Example 1 - Formal Trustee Money Management

John Doe is a young male with mild cognitive disabilities and possesses a strong need for acceptance by his peers. These peers find ways to pressure him to turn over his money to them every month, leaving John nothing for rent, food or basic necessities.

This is a sad situation seen often in many communities. In this case, John is a perfect candidate for a formal trusteeship situation because his lack of judgement and need to be accepted is stronger than his understanding of the importance of prioritizing and spending his money to cover the cost of his rent and necessities.

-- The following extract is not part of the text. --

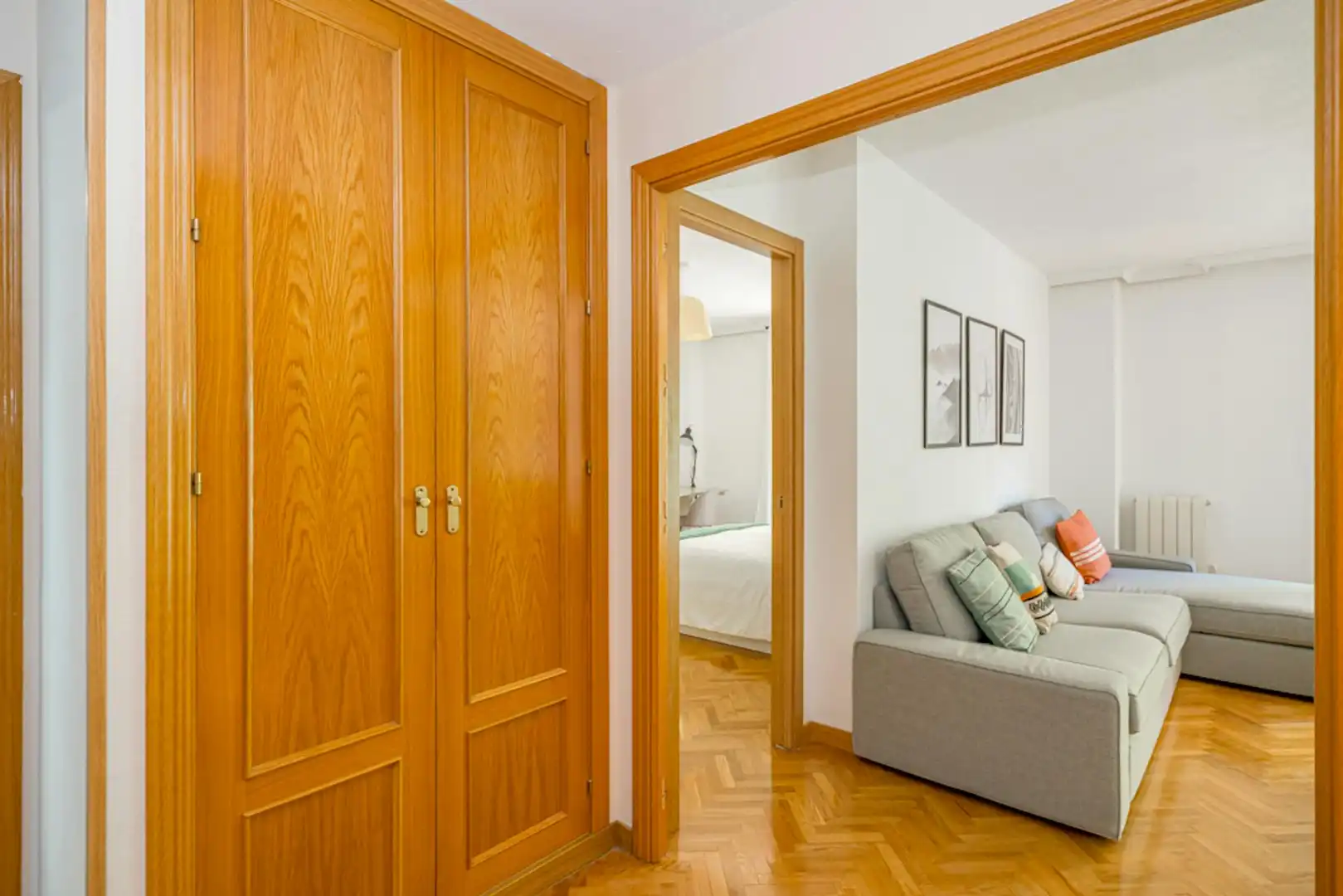 Habitación 253 m², Madrid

A formal trustee would ensure that John's rent is paid directly to his landlord every month, keeping John housed and allocating the balance of the money to John to take care of his groceries and any other personal needs that he may require.

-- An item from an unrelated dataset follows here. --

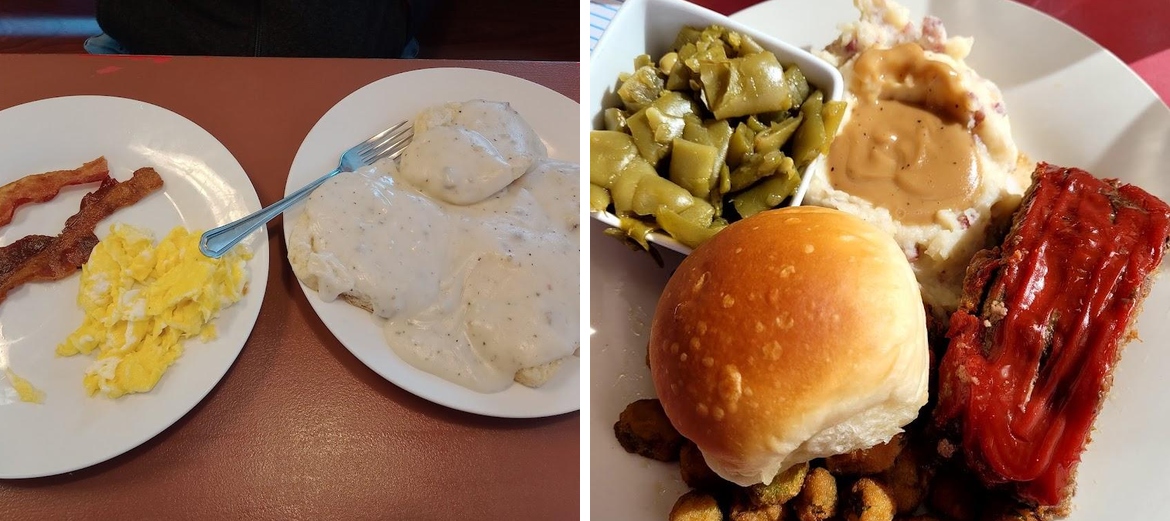 Pop's Cafe Hanceville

Often trusteeship alone is not enough to direct their client’s finances as trustees operate within government offices and sometimes do not see the reality of the situation on the street or have accurate insight in the everyday life of their client. Often, they depend largely on the client’s feedback for their money needs. Even with trusteeship money management, a second level of supervision may be required.

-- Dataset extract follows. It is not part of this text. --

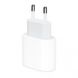 Адаптер живлення Apple 20W USB-C Power Adapter (MHJE3) 00000044805 фото 1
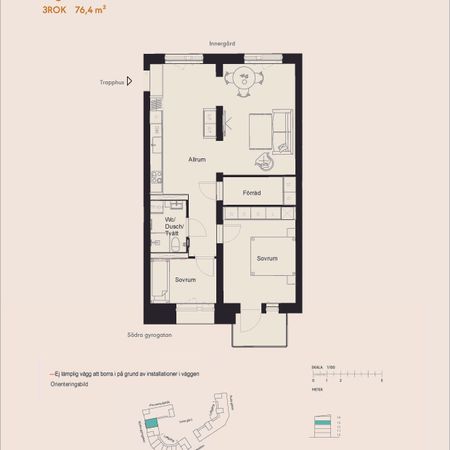 Karlsdalsallén 14B - Foto 4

Example 2 - Personal Financial Money Management

Jane Doe is a 27-year-old female living in a supportive housing situation. After her room and board is paid each month by her trustee, Jane has approximately $150 a month left. However, she has not declared to the trustee that she's a recovering drug addict and the leftover money is Jane’s trigger to use drugs.

Even though at the first of the month, her trustee pays and covers her rent, Jane spends the entire $150 on drugs, leaving her with no money for basic necessities and personal effects. As a result, Jane resorts to criminal activity by stealing change from cars or shoplifting where she ends up being arrested. Since the balance of her monthly income was not managed, Jane is incarcerated and loses her housing.

Situations like these can be avoided with a money management program at the supported living level. Individuals such as housing providers or staff work closely with their clients and in Jane’s case would have had prior knowledge of her addiction. Money managers would work proactively, understanding Jane’s living requirements and helping her make healthy choices by managing her money on a weekly or even daily basis. They would create a budget to pay for her basic needs such as hygiene products, and even cigarettes if she is a smoker. The balance may be much less in the end but a good deterrent to prevent Jane from feeding her addiction or facing incarceration.   

Why Money Management is Important

Offering a money management service in a supported living environment allows for the staff, who are trained in managing finances, to handle a resident’s money appropriately and with confidentiality, all while minimizing the risk of the client abusing their own funds. If there is no family member or representative willing or able to manage the client’s income (CPP, ODSB, Retirement, Inheritance), managers and staff may find it in the best interest of the client to step in.

When choosing a money manager for a trustee or even a non-trusteed client, consider the following questions:

  • How present and sustainable is the money manager for the client’s ongoing needs?
  • Does the money manager have oversight over the finances of the client?
  • How accountable are they to the client and/or trustee?
  • Who is managing the money manager to ensure they are being managed correctly?
  • Is there ongoing financial accounting as a standard of best practice?
  • How well does the money manager know the client’s personal situation?
    • What are their personal needs on a given month?
    • Are they a smoker or non-smoker?
    • Do they require special drugs that are not covered by the public drug system?
    • Do they have addiction issues where excess cash on hand can land them into trouble?

For any money manager, important considerations are oversight, accountability and insight into a client’s situation. Ultimately the determination of whether a client’s money should be trusteed or managed can make the difference between keeping them housed or inadvertently perpetuating the cycle of homelessness, hospitalization and incarceration.